Comment 4 Benny Zlotnik 2018-03-13 09:36:04 UTC
It appears to be a similar bug to https://bugzilla.redhat.com/show_bug.cgi?id=1523614

The case there is that we have a snapshot and then we extend the disk, which results in having a child snapshot bigger then its parent.

The case here is that we extend the VM disk, which results in a child image bigger than its parent (the template's image)

Comment 5 Red Hat Bugzilla Rules Engine 2018-03-15 10:54:50 UTC
Target release should be placed once a package build is known to fix a issue.

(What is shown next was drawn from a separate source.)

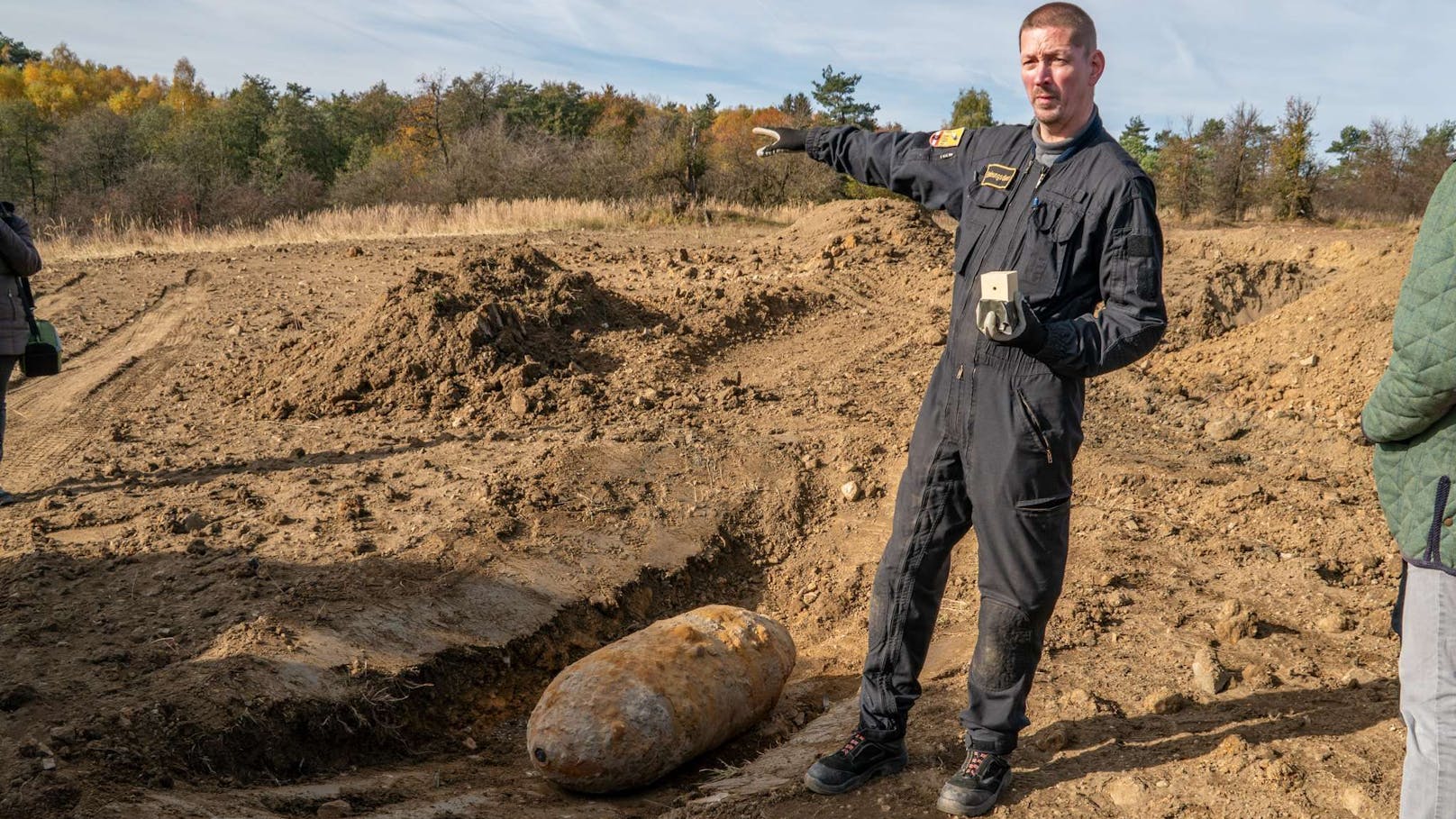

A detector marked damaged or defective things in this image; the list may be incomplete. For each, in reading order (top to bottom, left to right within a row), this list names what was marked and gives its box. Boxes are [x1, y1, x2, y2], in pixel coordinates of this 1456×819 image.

rusty ordnance [526, 605, 796, 789] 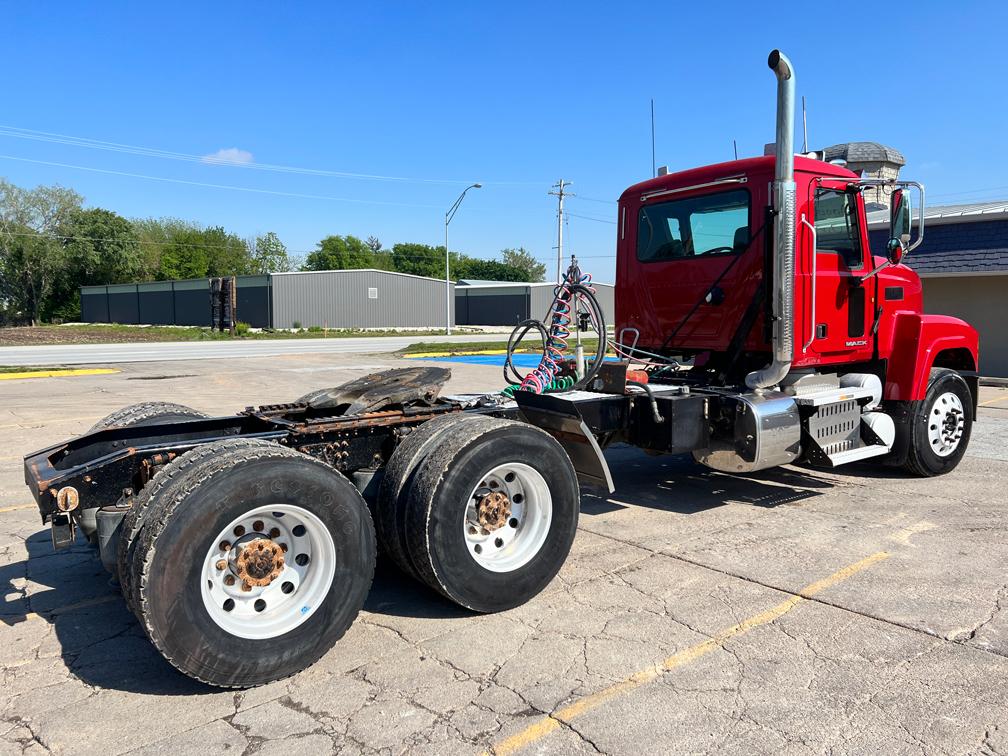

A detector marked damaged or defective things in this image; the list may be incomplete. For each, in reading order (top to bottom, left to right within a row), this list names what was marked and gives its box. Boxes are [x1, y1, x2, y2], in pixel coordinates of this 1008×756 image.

cracked asphalt [1, 352, 1008, 752]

Since this bug is not modified, the target version has been reset. Please use target milestone to plan a fix for a oVirt release.

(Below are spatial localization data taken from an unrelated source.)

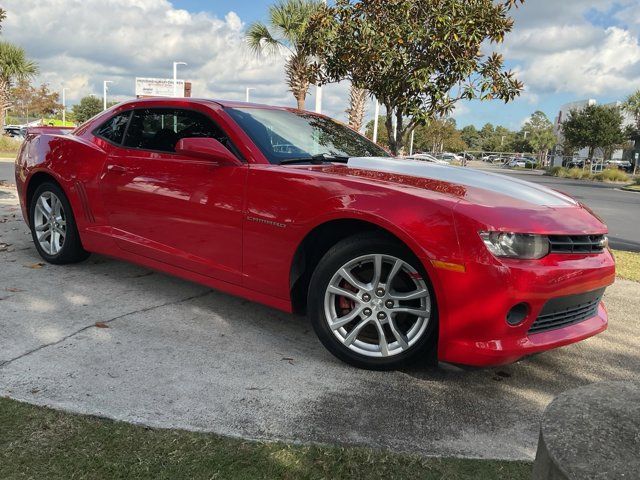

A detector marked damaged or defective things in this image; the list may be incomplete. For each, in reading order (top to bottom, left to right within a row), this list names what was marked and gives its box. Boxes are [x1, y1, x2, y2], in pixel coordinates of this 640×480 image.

driveway crack [0, 288, 211, 368] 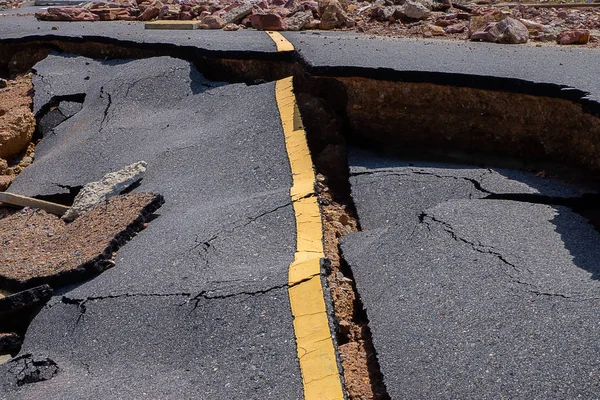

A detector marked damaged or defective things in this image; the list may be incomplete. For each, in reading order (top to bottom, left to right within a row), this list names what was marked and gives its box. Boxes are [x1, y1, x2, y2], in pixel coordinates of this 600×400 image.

broken pavement chunk [0, 192, 164, 290]
broken pavement chunk [62, 160, 148, 222]
cracked asphalt [0, 54, 304, 398]
cracked asphalt [344, 148, 600, 400]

Comment 6 Allon Mureinik 2018-03-15 13:08:01 UTC
Benny,can you please add some doctext explaining the situation and what a user can be done to overcome it?

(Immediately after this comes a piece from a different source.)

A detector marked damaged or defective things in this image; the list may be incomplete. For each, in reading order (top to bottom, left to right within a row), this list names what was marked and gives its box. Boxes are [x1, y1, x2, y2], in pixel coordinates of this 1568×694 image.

Comment 7 Kevin Alon Goldblatt 2018-04-02 13:13:26 UTC
Verified with the following code:
----------------------------------------
ovirt-engine-4.2.2.6-0.1.el7.noarch
vdsm-4.20.23-1.el7ev.x86_64



Verified with the following scenario:
-------------------------------------------
Steps to Reproduce:
- Created a 4.0 DC and cluster with RHEL7.5 host
- Created a NFS domain (created as v3)
- Created a template 
- Created 2 VMs from the template as thin copy (VM image is based on the template) - created as qcow2
- Created a second storage domain (iSCSI)
- Copied template disk to the second storage domain
- Started both VMs 
- Tried to move one of the VMs disk to the second domain >>>>> disk move operation was successfull


Moving to VERIFIED

Comment 8 Kevin Alon Goldblatt 2018-04-02 14:04:56 UTC
Verified with the following code:
----------------------------------------
ovirt-engine-4.2.2.6-0.1.el7.noarch
vdsm-4.20.23-1.el7ev.x86_64


CORRECTION TO SCENARIO

Verified with the following scenario:
-------------------------------------------
Steps to Reproduce:
- Created a 4.0 DC and cluster with RHEL7.5 host
- Created a NFS domain (created as v3)
- Created a template 
- Created 2 VMs from the template as thin copy (VM image is based on the template) - created as qcow2
- Created a second storage domain (iSCSI)
- Copied template disk to the second storage domain
- Started both VMs 
- Extend the disk of one of the VMs (Added this step)
- Tried to move the extended disk to the second domain >>>>> This operation fails as expected


Moving to VERIFIED

Comment 9 Sandro Bonazzola 2018-04-05 09:38:28 UTC
This bugzilla is included in oVirt 4.2.2 release, published on March 28th 2018.

Since the problem described in this bug report should be
resolved in oVirt 4.2.2 release, it has been closed with a resolution of CURRENT RELEASE.

If the solution does not work for you, please open a new bug report.